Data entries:
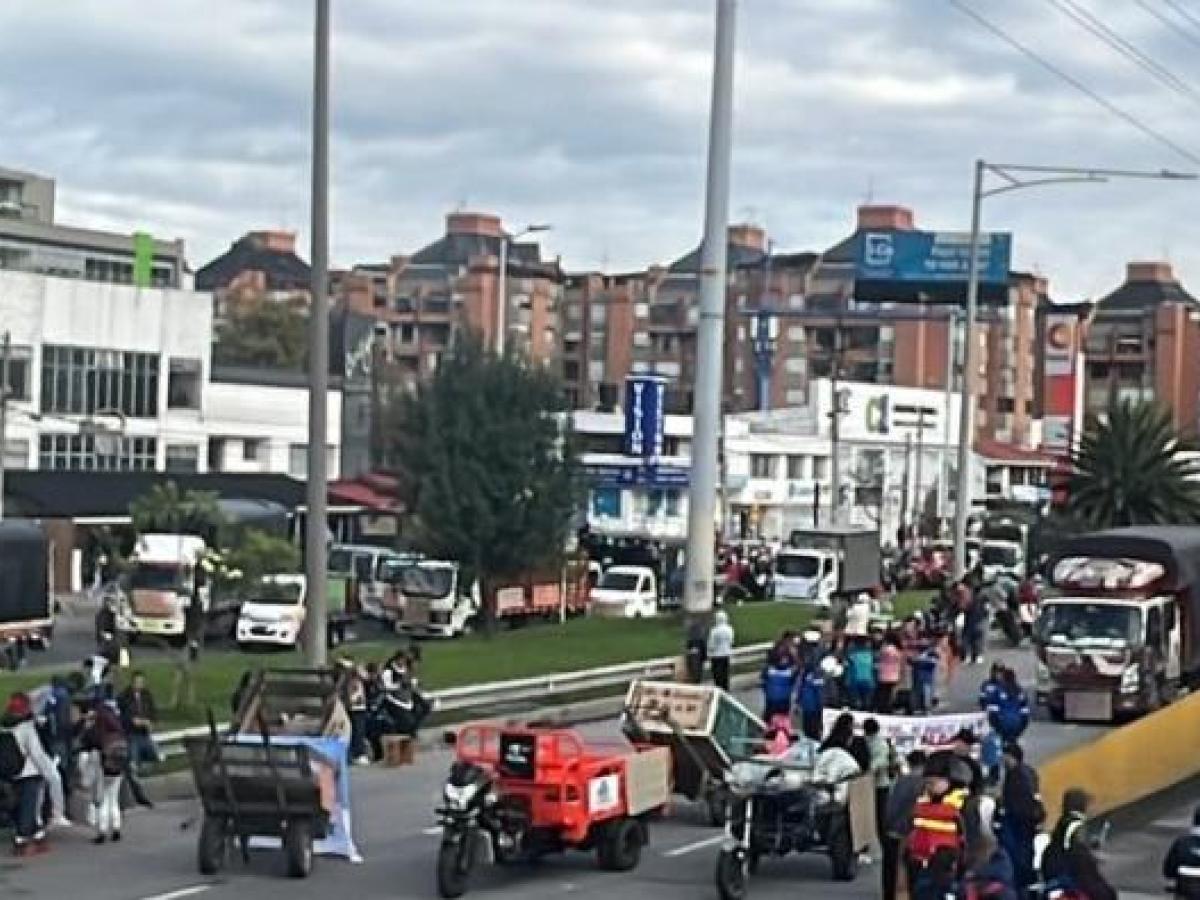 Por qué protestan los recicladores en Bogotá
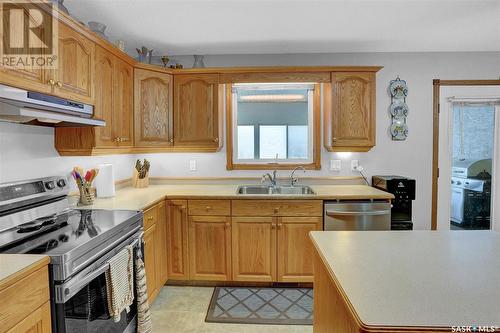 416 Byars Bay N, Regina, SK - Indoor Photo Showing Kitchen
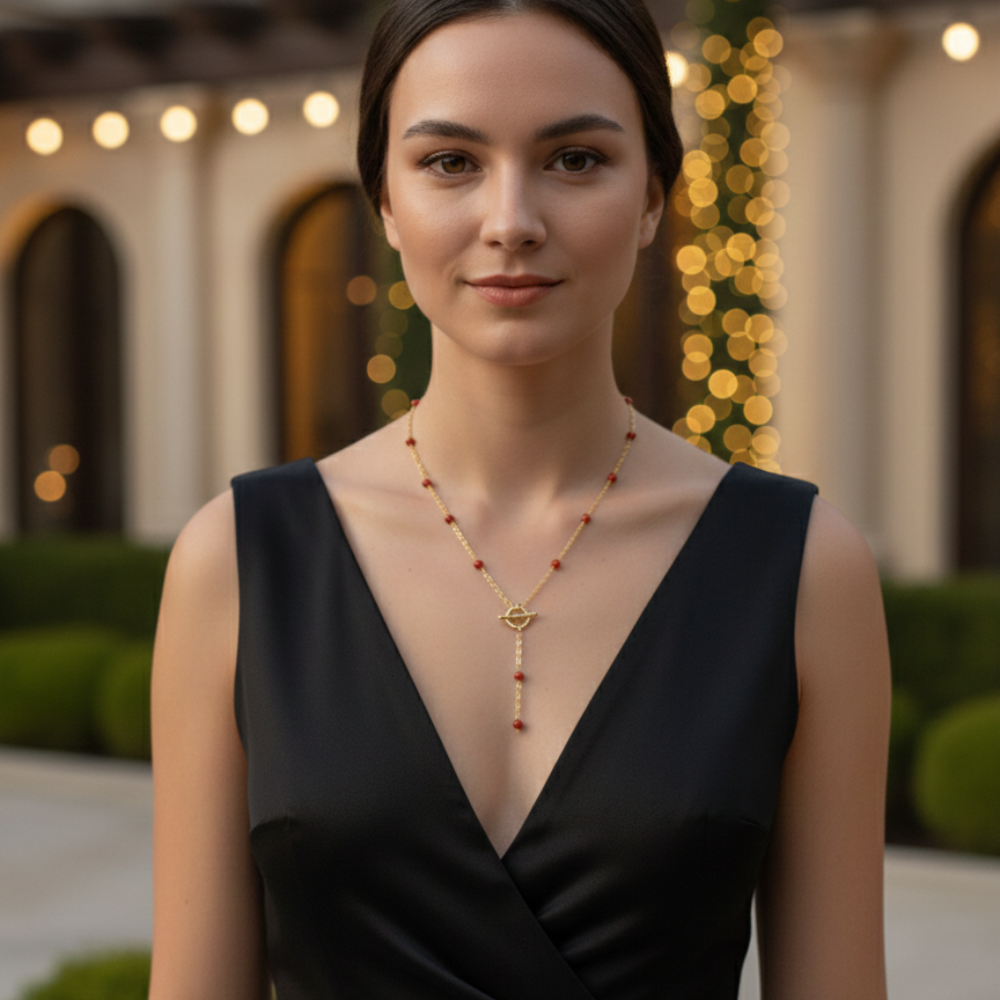 Collier Zoé en pierres naturelles personnalisable porté, bijou raffiné et sur mesure pour femme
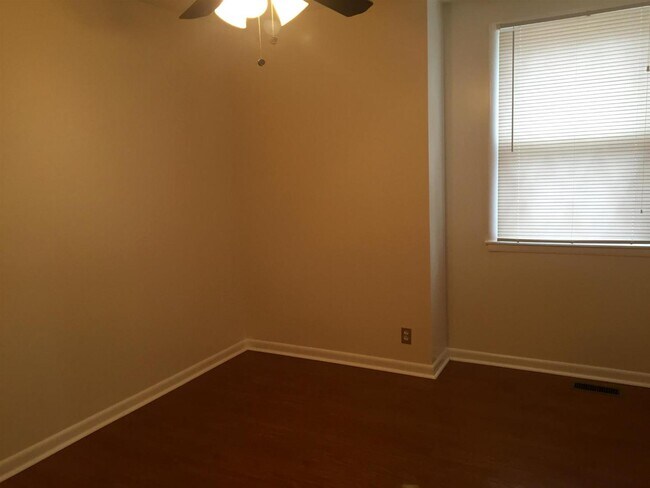 Building Photo - 4717 Kalamath Dr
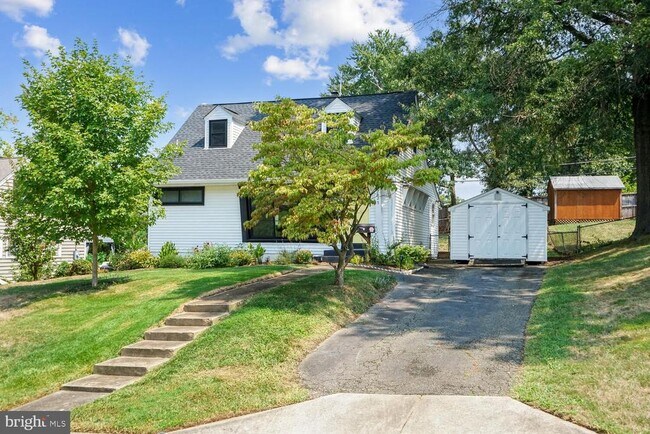 Building Photo - 6625 Cornell Dr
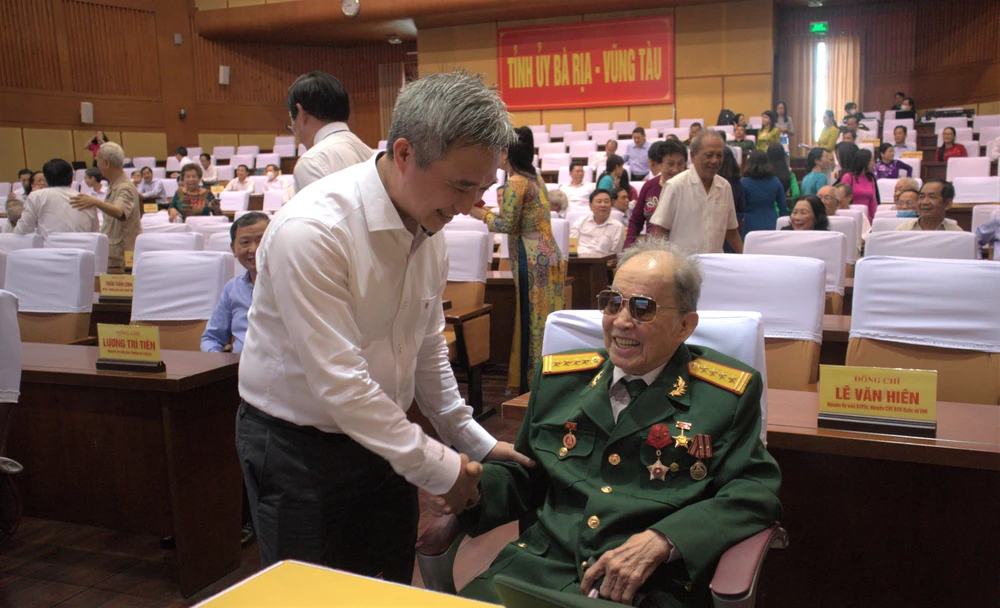 Lãnh đạo tỉnh thăm hỏi sức khỏe đại tá, Anh hùng Lực lượng vũ trang Nhân dân Nguyễn Văn Tàu, một người con quê hương xã Long Phước, TP Bà Rịa. Ảnh: TK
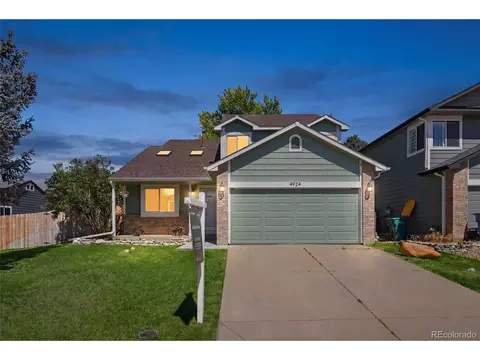 4924 S Dunkirk Way, Centennial, CO 80015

- **EXERCISE GOAL**: Print all the entries exactly as they appear, without the pictures.

- **TASK RESULT**:
 Por qué protestan los recicladores en Bogotá
 416 Byars Bay N, Regina, SK - Indoor Photo Showing Kitchen
 Collier Zoé en pierres naturelles personnalisable porté, bijou raffiné et sur mesure pour femme
 Building Photo - 4717 Kalamath Dr
 Building Photo - 6625 Cornell Dr
 Lãnh đạo tỉnh thăm hỏi sức khỏe đại tá, Anh hùng Lực lượng vũ trang Nhân dân Nguyễn Văn Tàu, một người con quê hương xã Long Phước, TP Bà Rịa. Ảnh: TK
 4924 S Dunkirk Way, Centennial, CO 80015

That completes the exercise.